BY STEPHANIE STEINBERG
Daily News Editor
Published November 2, 2010
Students and Ann Arbor residents were abuzz with talk of the midterm elections yesterday, but a few years ago one professor caught a different type of election fever.
Business Prof. Jan Svenjar announced his candidacy to become president of the Czech Republic in December 2007. Though Svenjar was ultimately unsuccessful in his bid for the presidency, former Czech President Vaclav Havel endorsed Svejnar for the position while he taught at the University. Svejnar previously served as an economic advisor to Havel and helped develop plans for establishing a free market economy in the country.

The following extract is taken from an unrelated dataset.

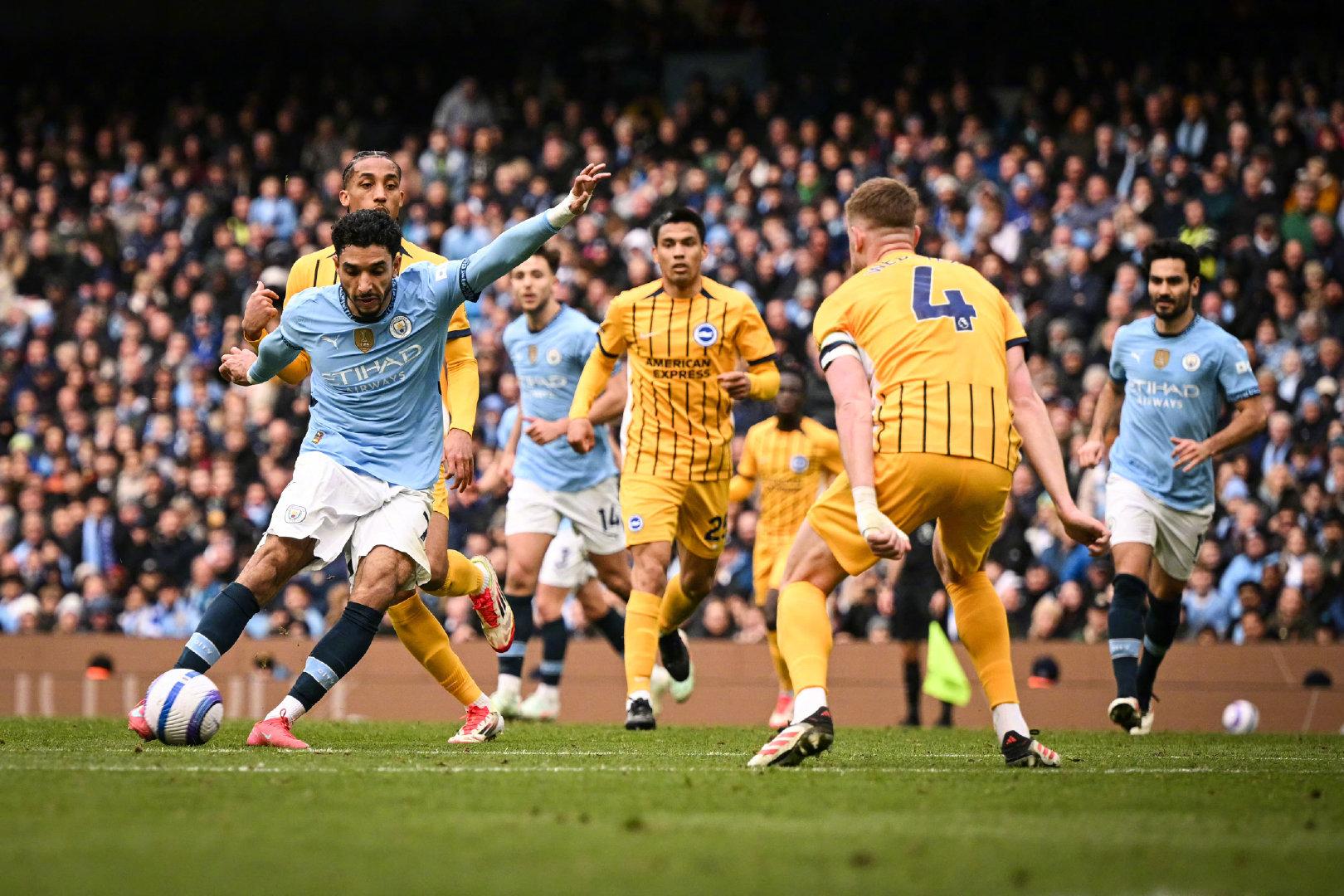 英超阿森纳vs曼联比分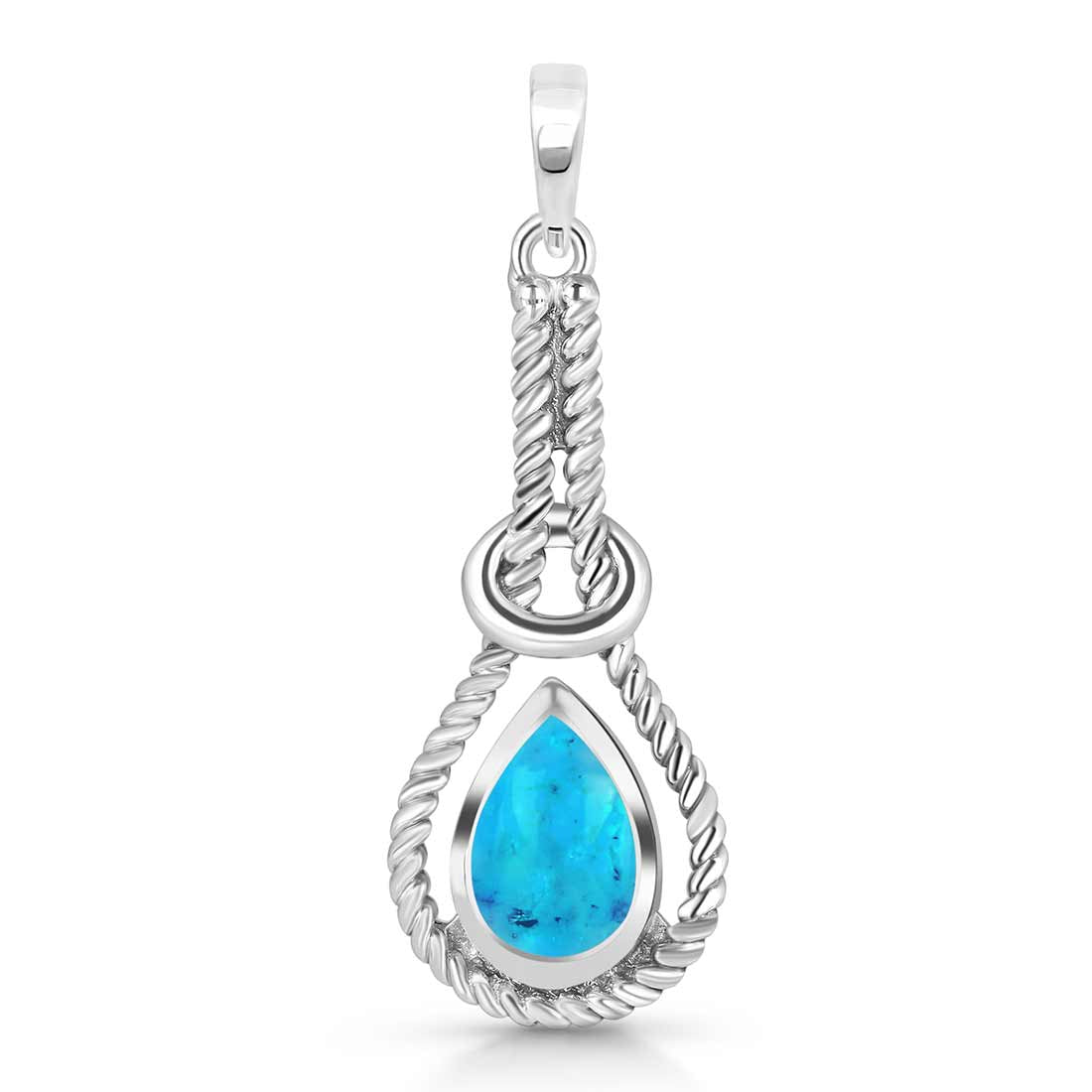 turquoise-pendant-trq-rdp-81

According to a Jan. 3, 2008 article in The Michigan Daily, University President Mary Sue Coleman supported Svejnar’s nomination and promised he could remain a professor while campaigning.
In order to bolster his campaign against incumbent Vaclav Klaus, 10 days before the election in February 2008 Svejnar announced he would give up his U.S. citizenship.
Katherine Terrell, Svejnar’s wife, told the Daily in a Jan. 29, 2008 article that her husband was willing to drop his American citizenship because he wanted to show his loyalty to Czech citizens. Terrell, a former Business and Public Policy professor, died of respiratory complications last December.
"It was not easy because he has great attachment to the United States, the country that offered him a new home," Terrell said in 2008.
Despite Svejnar’s efforts, Klaus won with a final vote of 141-111 after a second election, which was needed to reach a majority of at least 140 votes in the Czech parliament since the president is not elected by the public.
Svejnar said one of the reasons he ran was to try to cut down the amount of bribery involving officials in the Czech government.
"There was an incredible amount of pressure tactics and corruption," Svejnar said in a Feb. 18, 2008 Daily article.
Svejnar graduated from Cornell University and Princeton University, and received degrees in economics and industrial and labor relations. His research concerns government policies on labor and capital markets as well as corporate governance and performance.
Today, Svejnar is the director of the University’s International Policy Center and a professor of economics and public policy.